Planners International Events Website Project

Introduction

Planners International Events manage artists as well as organising art related events. They also help artists to sell paintings and prints to the public through exhibitions at galleries, gala dinners, and through the company website.

Planners International has had a website for a number of years. The design was beginning to look dated and the content was in need of an update.

Objective

Redesign the Planners International website to give it a more modern and clean look and feel.

Intended audience

Requirements

Planners International wanted to show potential customers the range of artwork that they had for sale but were not keen, at this time, to offer a shopping basket facility. This was probably a wise move since the artwork isn't really an off-the-shelf product.

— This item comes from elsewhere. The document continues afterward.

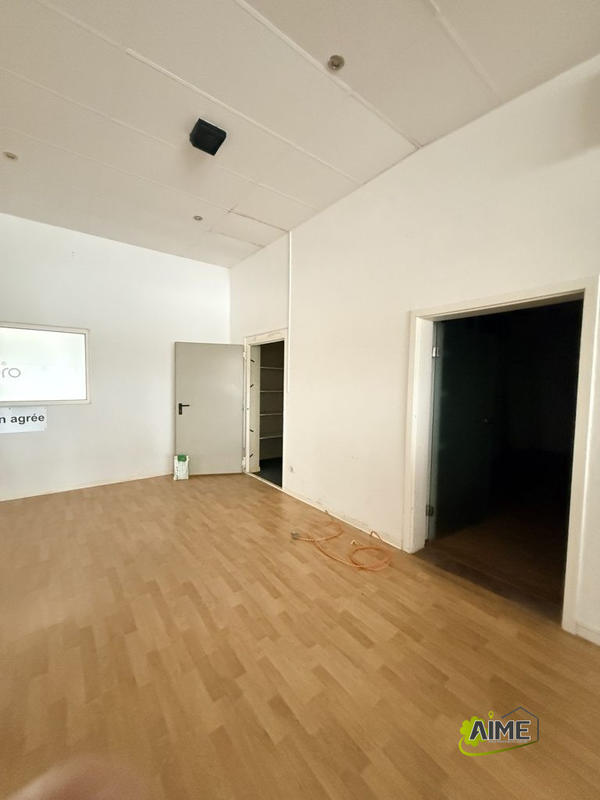 Local commercial - 900 m² - 4 pièces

It was important for the site to incorporate all artwork that was for sale as well as being able to announce exhibitions and other events.

Technology

CSS image shadows

I used a new technique with this website to help subtly highlight the images of paintings and prints that were for sale. The effect is to place a small drop shadow on each image without altering the original image file.

This was achieved using a style sheet to show a shadow graphic on the bottom and right hand side of each image. The graphic was a grey shadow that faded to the white background of the page. A border was then placed around the image with a slight padding so as not to detract from the picture.

No database, just classes

Due to budgets it was decided that implementing a full relational database driven website would be too costly at the present time. However it was still necessary to be able to quickly add and remove paintings from the website. I therefore used PHP Objects to store information about each image. I then added objects into various arrays which I then included into the necessary pages. The pages then dynamically generated various views onto the underlying data structure.

Caching

Due to the nature of the website it was always going to have high bandwidth requirements. By default the output from PHP scripts does not send any HTTP headers that are helpful to caching. I started to experiment and initially tried just adding an Expires header to each page. The problem with this was that if I did any updates to the website then people would use the cached copy for up to, in this case, three days before they received the new copy. I therefore changed my methodology and started using a Last-modified. This allowed the browser to check with the server if the page had been modified. The site feels a lot faster to the user now.